Milo Yiannopoulos, a young white man with unnaturally white hair, with a sleeveless T-shirt showing a gun in rainbow colours with the slogan 'We shoot back', standing in front of a lectern with the slogan "Trump/Pence: Make America Great Again" on it.Last week Milo Yiannopoulos (AKA Milo Andreas Wagner), once the darling of the “alt-right” and of a sizeable chunk of the American Right, suddenly fell from grace as a result of someone drawing attention to things he said in a podcast a year ago which appeared to defend sexual activity between ‘boys’ and men. This has resulted in a book deal with Simon & Schuster being cancelled, his invitation to speak at the Conservative Political Action Conference (CPAC) along with Donald Trump and his vice-president Mike Pence being rescinded and a number of senior staff at Breitbart, the far-right propaganda/hate/’news’ site he is associated with, threatening to resign unless he is sacked. The developments have, some say, exposed the hypocrisy of the American Right who are willing to tolerate men abusing women and even young girls, but draw the line when the target, even theoretically, is boys.

I didn’t listen to the podcast, but in the specific detail that paedophilia as such refers to adults’ sexual activity with, or attraction to, pre-pubescent children and not those who have reached puberty, he is correct (some legal systems define it as including anyone below the age of consent). However, his comments about older men helping young men (potentially including those below the age of consent, as he indicated) find themselves is a standard trope of predator-apologism: young boys really have homosexual tendencies and enjoy the advances of older men. This attitude is precisely why, when the age of consent for gay males was reduced to 16 in the UK in 2001, the age was raised to 18 where one party was in a position of trust, whether they were the same or other sex. Conservatives objected because all men know that they really don’t like the advances of other men, and they know that they didn’t as small boys either — especially if they were unlucky enough to be on the receiving end of it. (This was the subject of a BBC Storyville documentary in 2009, as the scientist Carleton Gajdusek and his friends used it in regard to his molestation of small boys from the Pacific islands where he carried out research; I wrote about that here.)

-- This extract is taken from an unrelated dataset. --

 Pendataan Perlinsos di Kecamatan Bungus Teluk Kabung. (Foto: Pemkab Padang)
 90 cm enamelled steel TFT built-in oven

Yiannopoulos and his supporters habitually use the defence of “free speech” when his speaking engagements at major universities are objected to or disrupted, scorning the objectors as “snowflakes” who demand a “safe space”, meaning safe from opinions they disagree with or the sense that their lifestyles are disapproved of. As has been pointed out amply elsewhere, the right to free speech does not mean that anyone has the right to provide you with a platform; it just means that the state cannot punish you for what you say, and even then, there are restrictions, such as that your speech does not incite violence. But nobody seems to be asking why he is being invited to speak at universities anyway.

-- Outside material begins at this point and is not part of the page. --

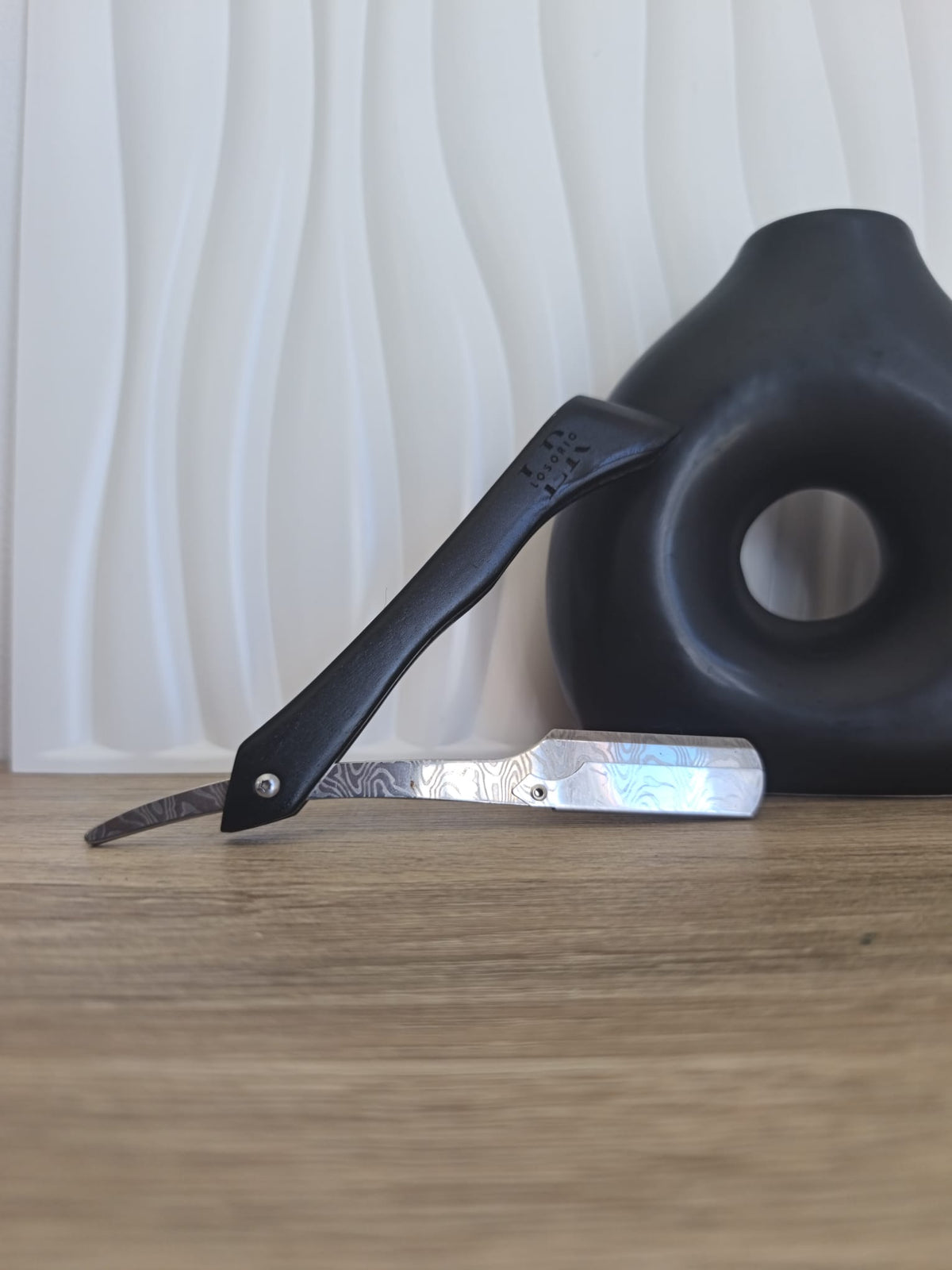 Shavette bois noir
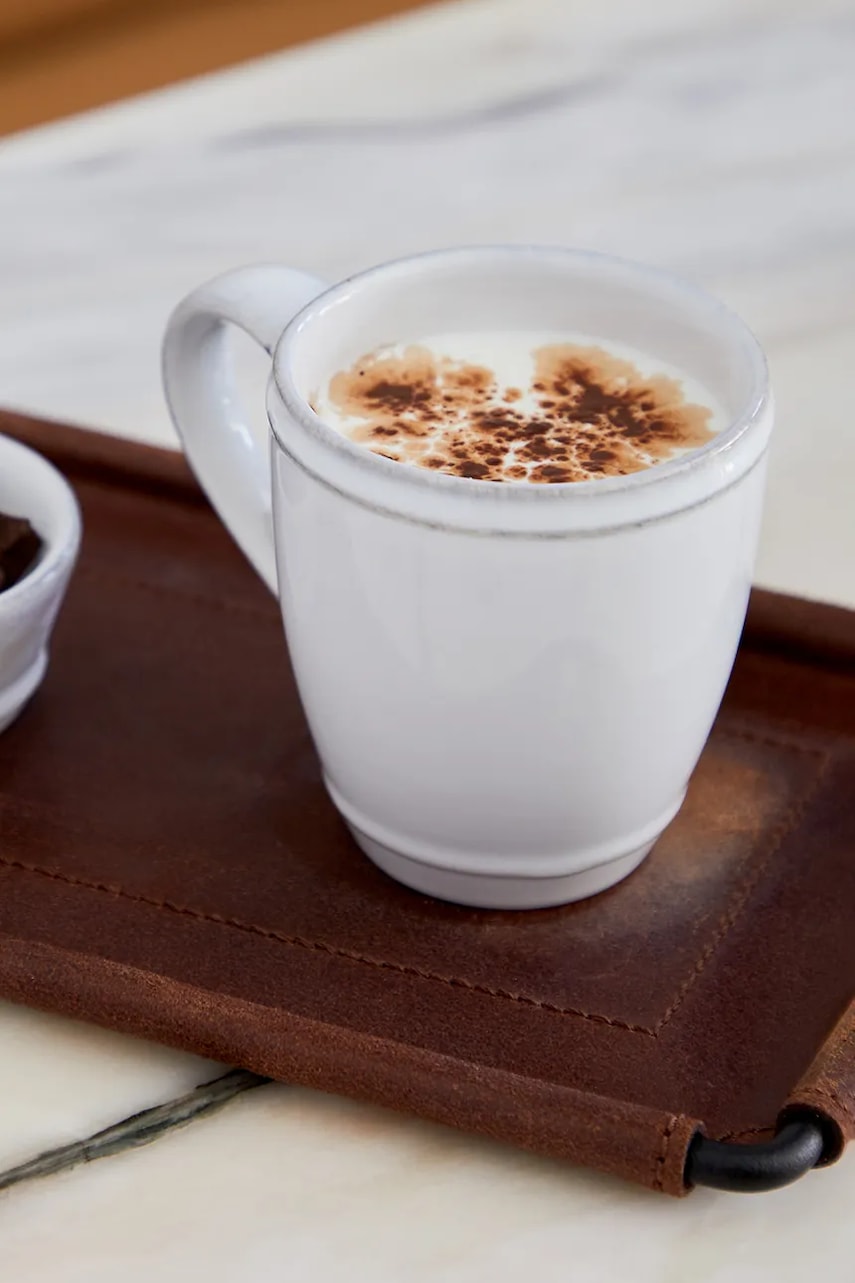 Costa Nova tác pro servírování z přírodní kůže 25,7 x 14,5 cm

Yiannopoulos is not an academic. He is not an expert in anything. It’s possible to be an expert or an authority in something and have repugnant views on something else (besides Gajdusek and his defenders, James Watson being a recent high-profile example); that is not the case with Yiannopoulos who had two tries at getting a degree, at two major British universities (Manchester and Cambridge), spending two years at each before dropping out. He is not a major contributor to an important technological project; lots of those have bizarre or extreme views. He did not manage to run a tech website successfully — The Kernel closed in 2013 after just 16 months owing thousands of pounds to a former contributor. He is simply an entertainer who goes around causing controversy for whatever his personal reasons are; according to Laurie Penny who, controversially, spent time with Yiannopoulos and his entourage:

Before this week, Yiannopoulos was a bratty, vicious court jester of the new right who made a name for himself by saying grotesque and shocking things that he may or may not have ever believed. He does this compulsively, with no respect for the repercussions, or for the fact that a lot of people do believe what he says and act accordingly.

He can do this sort of thing on his own time, with his own resources if he wants. He should not be able to expect that a respectable academic institution with responsibilities to the welfare of its students as well as to its intellectual legacy should indulge or accommodate him or his rabble of followers. He has a history of harassment, of gratuitous outings of private individuals, of grudges, of spiteful behaviour. His right to free speech is not in question, but in times like these, political extremism cannot be treated as mere entertainment. It should not be left to protestors to deny him a platform: universities should do it themselves, for the sake of their own good names.